Todo sería mejor si el segundo ascensor, dañado y abandonado hace décadas, también funcionara. Así las cargas de pasajeros se distribuirían mejor, y cuando falle uno, se usa el otro. Lástima que la disociación antichavista impidió que la alcaldía chavista lo reparara sin costo alguno. Cuando se hicieron las diligencias, un reducido grupo de vecinas gritó azarosamente que los funcionarios venían a invadir los apartamentos. Histeria, alarma. La propiedad privada en peligro.Se imaginaban invasores con niños en brazos, aferrándose a su derecho a la vivienda. El pánico cundió en casa piso, y las puertas de cada apartamento fueron cerradas con doble llave. En los apartamentos más viejos no faltó detrás de la puerta el tubo atravesado a la altura de la cerradura.
Mientras tanto, los técnicos de ascensores de la alcaldía esperaban afuera del edificio, perplejos de saber que el miedo ofuscó a toda una comunidad. Al cabo de un rato se marcharon, dejando a la mayoría de vecinos arrepentidos de contar con los dos ascensores 100% operativos, igual como cuando se inauguró el edificio en los años 70. Si la mayoría hubiese levantado la voz, la minoría histérica no hubiese impedido la reparación.

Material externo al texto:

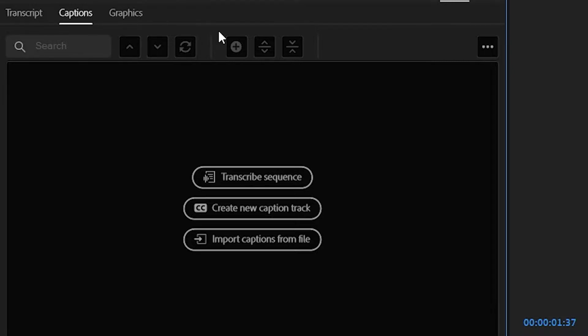This trick works for captions and graphics, so no matter where you made a mistake in any text in Premiere, you can fix it easily and quickly.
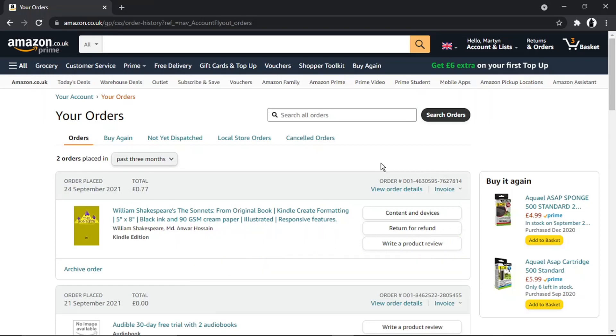I'm not actually sure how many times you can do this or if you can do it back to back, and if Amazon is going to stop you doing that. But basically, what you need to do is come across to this page and locate the book that you want to return for a refund.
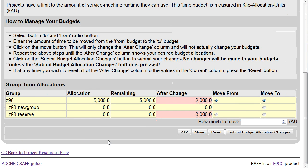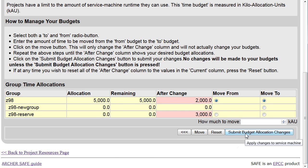Scroll down and you will see your proposed changes. They are highlighted in pink. If you are happy with the changes that you have made, click Submit Budget Allocation Changes.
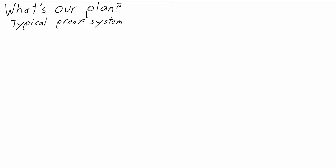There are different systems of inference rules for first-order logic, and since the details aren't that important for us, rather than pick one, I'll just let you assume we're working with whatever your favorite version is. It probably has things like if at a previous step we proved phi, and then at a different previous step we proved psi, then there's a rule that says we can now conclude phi and psi, and there are other rules like that.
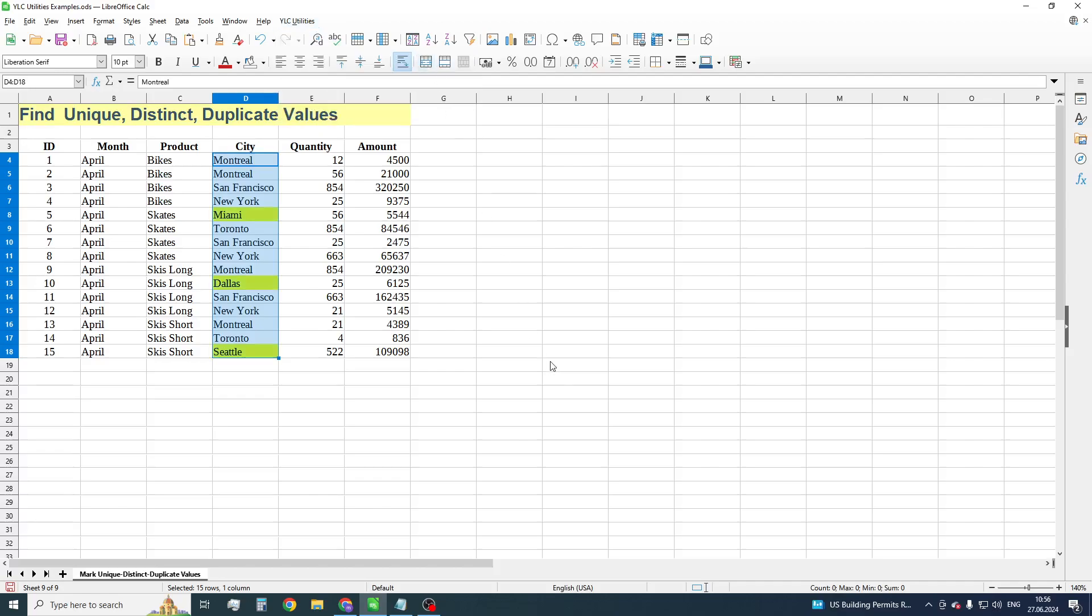As you can see, the utility marks unique entries in yellow column. Using colors gives us possibility to manipulate data, for example, filter out them, hide and remove.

Hoy, después de tantos años de ese incidente, la oportunidad regresa, porque todo lo bueno siempre vuelve, como las revoluciones. La Alcaldía de Caracas propone reparar el edificio, incluyendo el ascensor. A cambio, los vecinos deben aprender a reciclar: separar el cartón, el vidrio, el plástico y demás desechos sólidos. Deben entregarlos a las autoridades como forma de pago.
Ojalá esta vez el miedo no los paralice, y que el ascensor sea motivo de orgullo comunitario y logro colectivo. Ojalá Edén se atreva a montarse en el ascensor. Sería una buena señal para todos. Que esta vez el subibaja natural de la vida se sienta seguro.